### Load required libraries/packages

In [41]:
# pip install requests
# pip install html5lib
# pip install bs4

In [42]:
from bs4 import BeautifulSoup
import requests
import re
import pandas as pd
import os

#### Take a large sample of movies for each genre by scraping IMDB movie rating and details using Python and saving the details into .csv file

### Parsing details of top 250 movies (by user ratings) for each genre
Specifications: Feature Film, Rating Count at least 20,000, (Sorted by IMDb Rating Descending)

In [43]:
HEADERS = {
    'User-Agent': 'Mozilla/5.0 (Macintosh; Intel Mac OS X 10.15; rv:96.0) Gecko/20100101 Firefox/96.0'}

def get_genre_url_dict(url):
    '''
    Returns a dictionary of genres (keys) and their IMDb urls (values) to that genre.
        
        Params:
            url (str) : A string of the url to the IMDb 'Browse Movies by Genre' page, containing genres.
    '''
    # parsing movie-only genres    
    with requests.Session() as session:
        r = session.get(url, headers=HEADERS)
        #print(r.status_code)
        soup = BeautifulSoup(r.text, "html.parser")
        genres = soup.select('div.ipc-chip-list__scroller span')
        genres_ls = []
        counter = 0
        for genre in genres:        
            if counter == 1:
                genres_ls.append(genre.contents[0])
            if genre.contents[0].lower() == 'thriller':
                counter += 1
    # Getting URLs of different pages
    url_dict = {}

    for genre in genres_ls:
        url = "https://www.imdb.com/search/title/?title_type=feature&num_votes=20000,&genres={}&sort=user_rating,desc&count=250"
        formated_url = url.format(genre)
        url_dict[genre] = formated_url
    
    return url_dict

def get_movies(url, interval, file_name):
    '''
    Returns top 250 movies (sorted by popularity, desc) for a single genre as a .csv file
        
        Params:
            url (str) : A string of the url to the IMDb page of the movie genre.
            interval (int) : Number of seconds for which the code is required to be stopped.
            file_name (str) : The name of the resulting .csv file to be saved
    '''
    # create directory to store datasets (.csv files)
    if not os.path.exists('datasets/'):
        os.makedirs('datasets/', 0o777, exist_ok=True)
        os.chmod('datasets/', 0o777)
        os.chmod('datasets/', 0o777)
    
    # Sending a request to the specifed URL
    resp = requests.get(url, headers=HEADERS)
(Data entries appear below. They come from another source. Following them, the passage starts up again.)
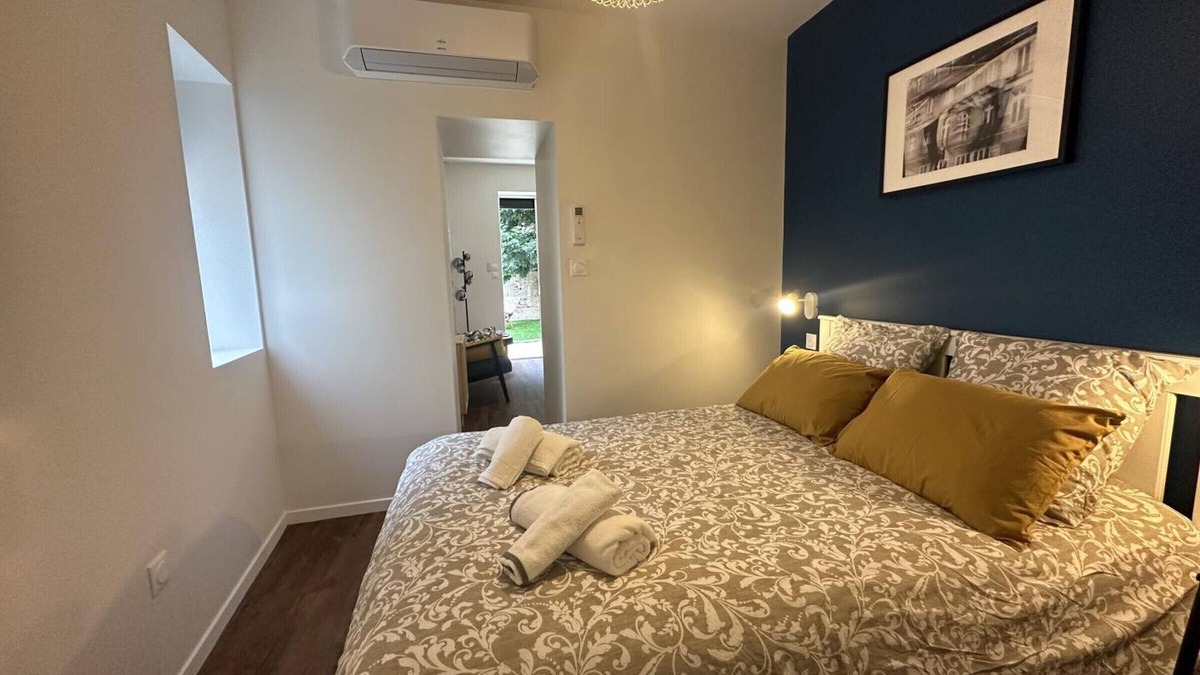 Moulins Cottage | Central Moulins Retreat with Private Terrace and Modern Comforts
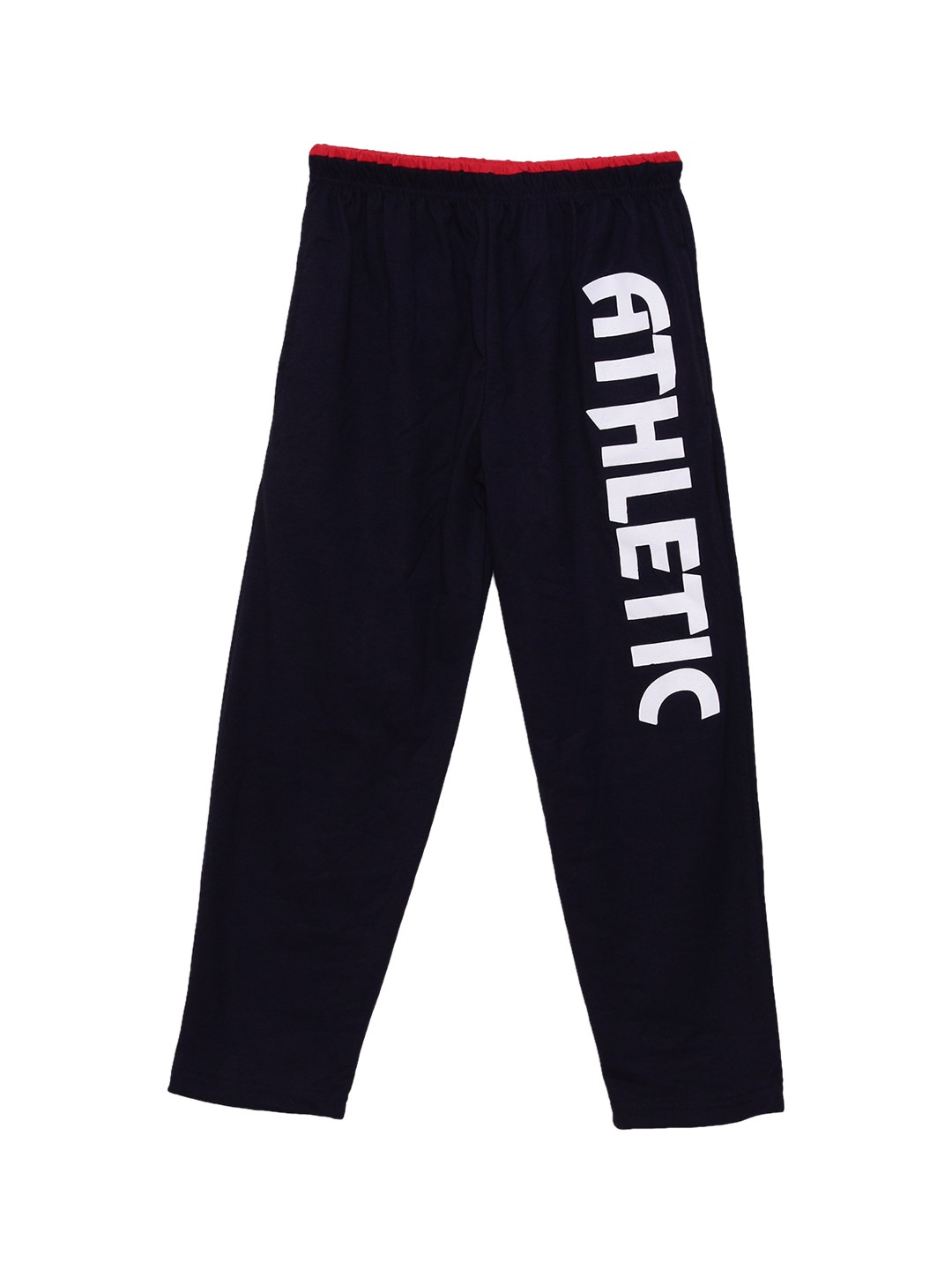 

Fashionable Boys Navy Blue & White Printed Pure Cotton Track Pants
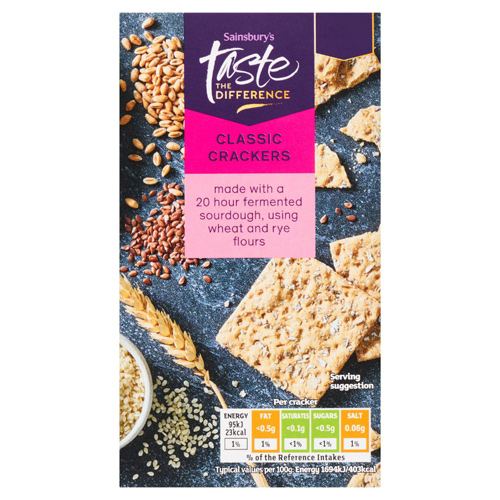 Sainsbury's Classic Crackers, Taste the Difference (Bulk Buy Pack Of 6)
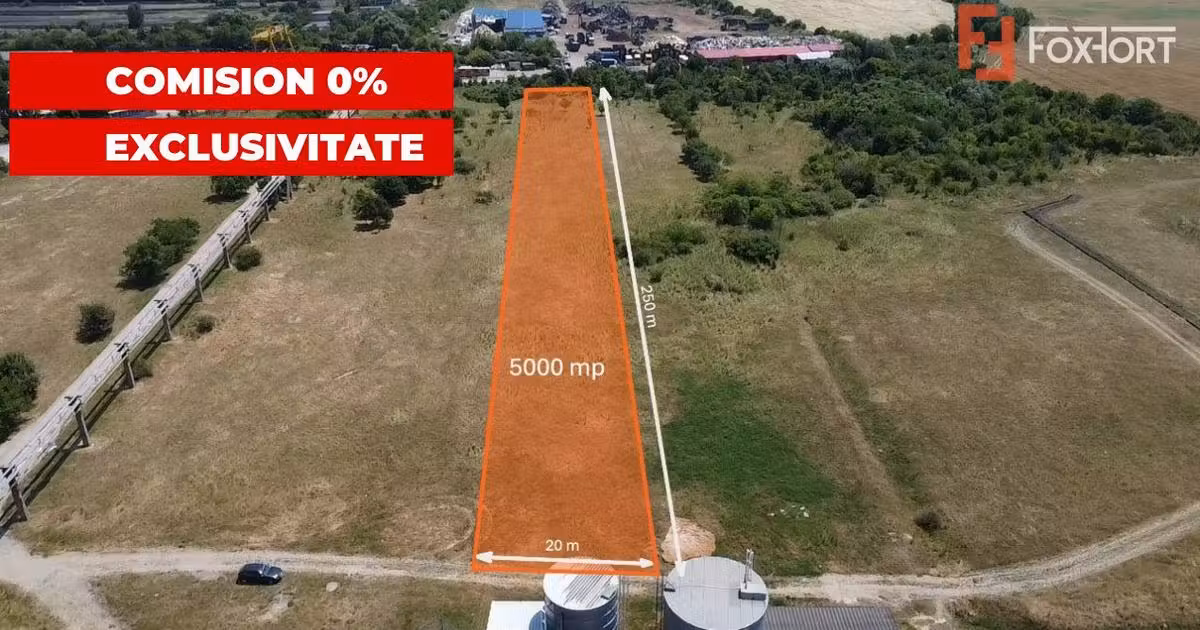 Teren Construcții intravilan de vânzare de 5000 mp, în Chișoda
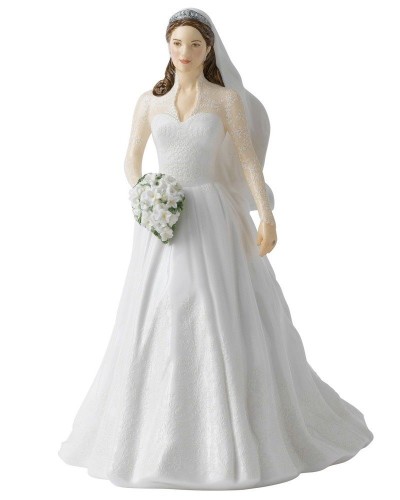 Royal Doulton Catherine Royal Wedding Day Figurine HN5559 Royal Doulton, Pretty Ladies, Figurines & Collectables, Royal Doulton, Pre Owned image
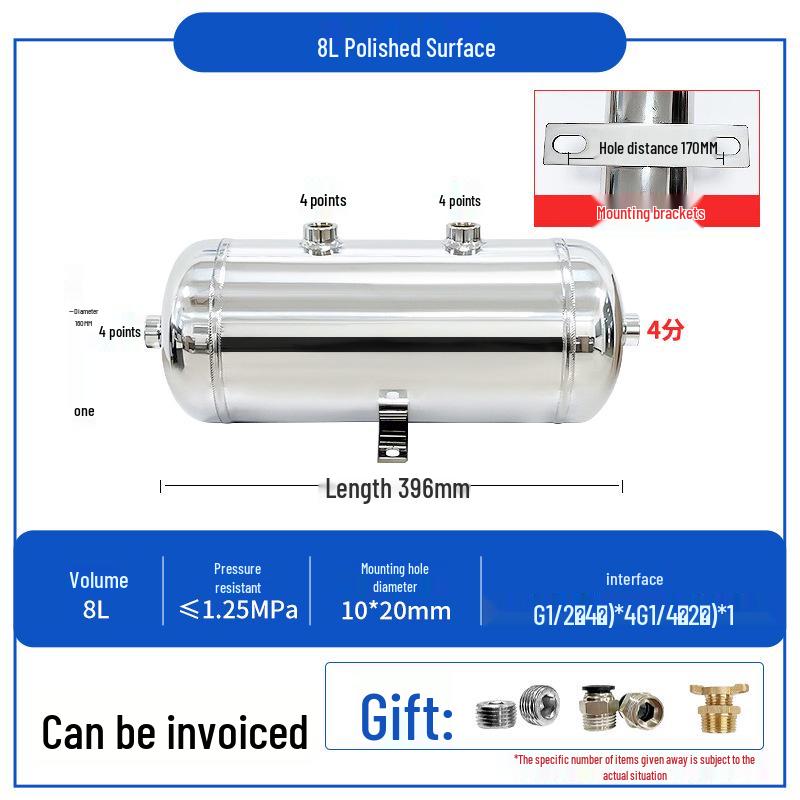 Compact Horizontal Air Pressure-Stabilizing Vacuum Tank for Automated Equipment
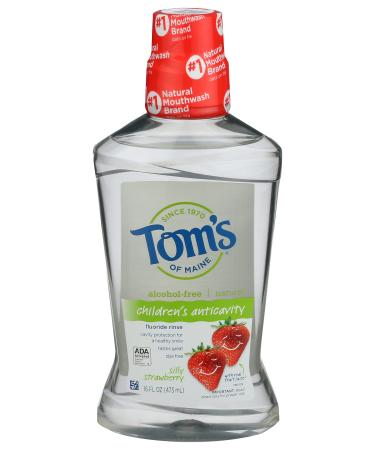 Tom's of Maine  Children's Anticavity Mouthwash - Silly Strawberry  16 Ounce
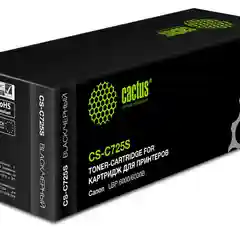Картридж лазерный Cactus CS-C725S 725 черный (1600стр.) для Canon i-Sensys 6000/6000b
    # Converting the response to Beautiful Soup Object
    content = BeautifulSoup(resp.content, 'html.parser')
    movie_list = []
    # Iterating throught the list of movies 
    for movie in content.select('.lister-item-content'):

        try:
            # Creating a python dictonary
            data = {

                "title":movie.select('.lister-item-header')[0].a.get_text().strip(),
                "year":movie.select('.lister-item-year')[0].get_text().strip(),
                "certificate":movie.select('.certificate')[0].get_text().strip(),
                "time":movie.select('.runtime')[0].get_text().strip(),
                "genre":movie.select('.genre')[0].get_text().strip(),
                "rating":movie.select('.ratings-imdb-rating')[0].get_text().strip(),
                "metascore":movie.find('span', class_='metascore').text if movie.find('span', class_='metascore') else '-',
                "simple_desc":movie.select('.text-muted')[2].get_text().strip(),
                "directors":'-',
                "stars":'-',
                "votes":'-',#movie.select('.sort-num_votes-visible')[0].get_text().strip(),
                "gross":'-'#movie.select('.sort-num_votes-visible')[1].get_text().strip() if len(nv) > 1 else '-' 


            }
            # adding directors
            # soup = BeautifulSoup(html,'html5lib')
            # p_tag = soup.find('p')
            # span = p_tag.find('span',class_ = "ghost")
            # prev = list(span.previous_siblings) #Finds all the tags before the span tag with class ghost and converts them into a list
            # prev = [str(x) for x in prev]
            # prev = ''.join(prev) #Converts the list to a string
            # soup2 = BeautifulSoup(prev,'html5lib') #Creates a new BeautifulSoup object with the newly formed string
            # a_tags = soup2.find_all('a')
            # for a in a_tags:
            #     txt = a.text.strip()
            #     data['directors'].append(txt)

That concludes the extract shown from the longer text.